Working with External Files
In Pixeltable, all media data (videos, images, audio) resides in external files, and Pixeltable stores references to those. The files can be local or remote (e.g., in S3). For the latter, Pixeltable automatically caches the files locally on access.
When interacting with media data via Pixeltable, either through queries or UDFs, the user sees the following Python types:
ImageType
:PIL.Image.Image
VideoType
:string
(local path)AudioType
:string
(local path)
Let's create a table and load some data to see what that looks like:
%pip install -qU pixeltable boto3
import tempfile
import random
import shutil
import pixeltable as pxt
# First drop the `external_data` directory if it exists, to ensure
# a clean environment for the demo
pxt.drop_dir('external_data', force=True)

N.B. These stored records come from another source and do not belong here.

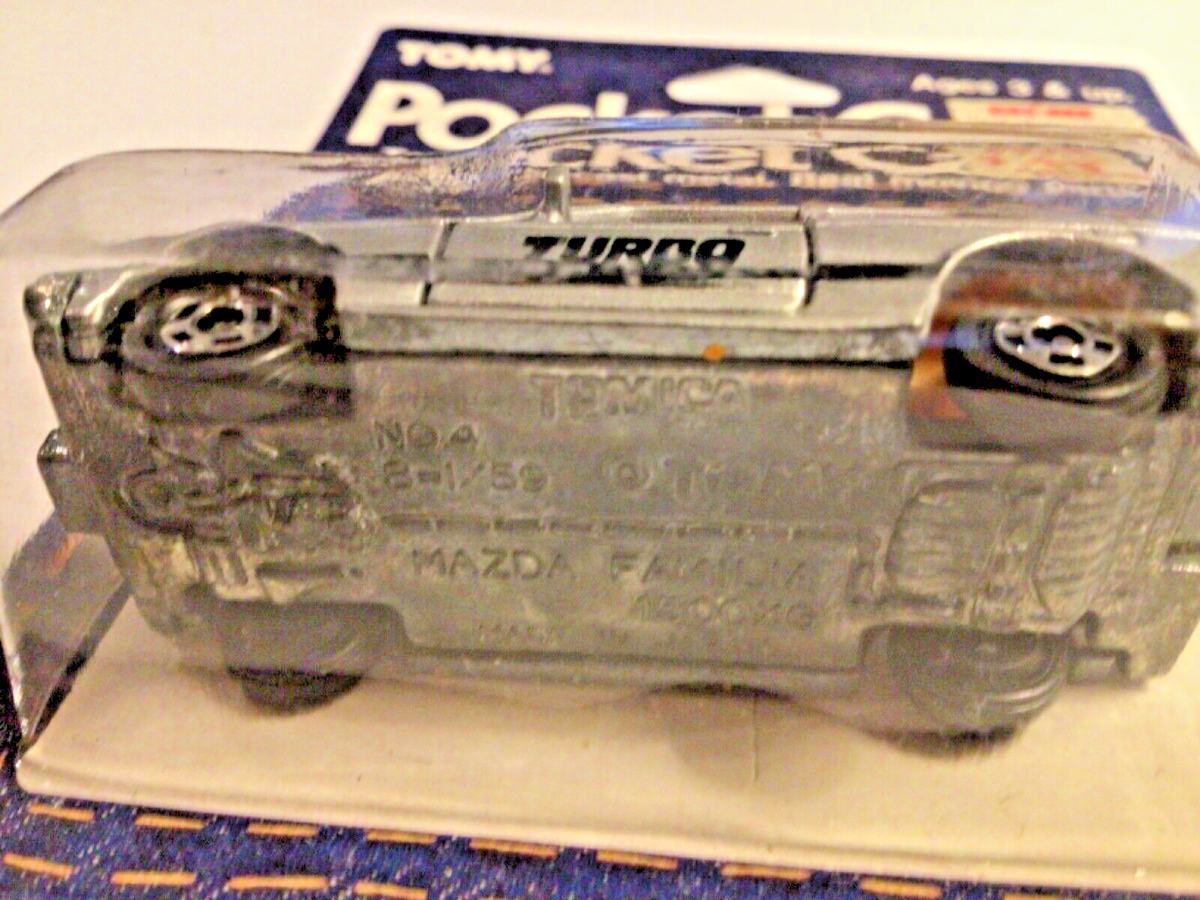 TOMICA Tomy 4 MAZDA (323) FAMILIA 1500XG TURBO silver, sealed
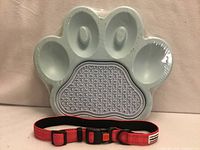 Paw-shaped feeding dish and red-pink dog collar in front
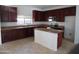 Well-lit kitchen features granite countertops, dark wood cabinets, and stainless steel appliances at 18548 W Sunbelt Dr, Surprise, AZ 85374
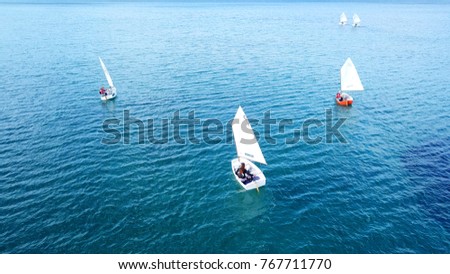 Aerial drone photo of small yachts operated by children in turquoise tropical waters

pxt.create_dir('external_data')
Connected to Pixeltable database at: postgresql+psycopg://postgres:@/pixeltable?host=/Users/asiegel/.pixeltable/pgdata
Created directory `external_data`.
<pixeltable.catalog.dir.Dir at 0x176646bb0>
v = pxt.create_table('external_data.videos', {'video': pxt.Video})
prefix = 's3://multimedia-commons/'
paths = [
'data/videos/mp4/ffe/ffb/ffeffbef41bbc269810b2a1a888de.mp4',
'data/videos/mp4/ffe/feb/ffefebb41485539f964760e6115fbc44.mp4',
'data/videos/mp4/ffe/f73/ffef7384d698b5f70d411c696247169.mp4'
]
v.insert({'video': prefix + p} for p in paths)
Created table `videos`.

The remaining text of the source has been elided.